▸ **WHAT YOU NEED TO DO**: With pictures left out, output exactly the lines of the listing below from the line that has "But First Tea - unique mug by Toni Scott" to the line that has "Voices In The Sky - Isobel Campbell", both lines kept.

▸ **PROVIDED RECORDS**:
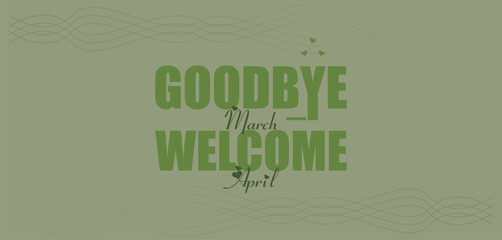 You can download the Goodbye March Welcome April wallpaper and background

...

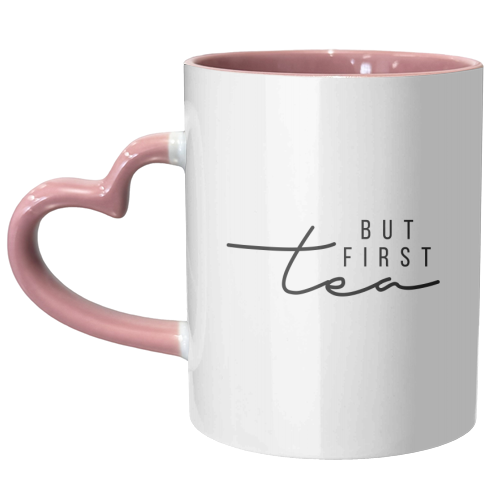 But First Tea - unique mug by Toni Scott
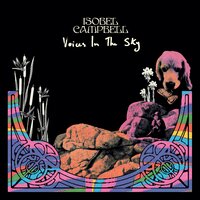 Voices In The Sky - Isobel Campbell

▸ **REPLY**:
 But First Tea - unique mug by Toni Scott
 Voices In The Sky - Isobel Campbell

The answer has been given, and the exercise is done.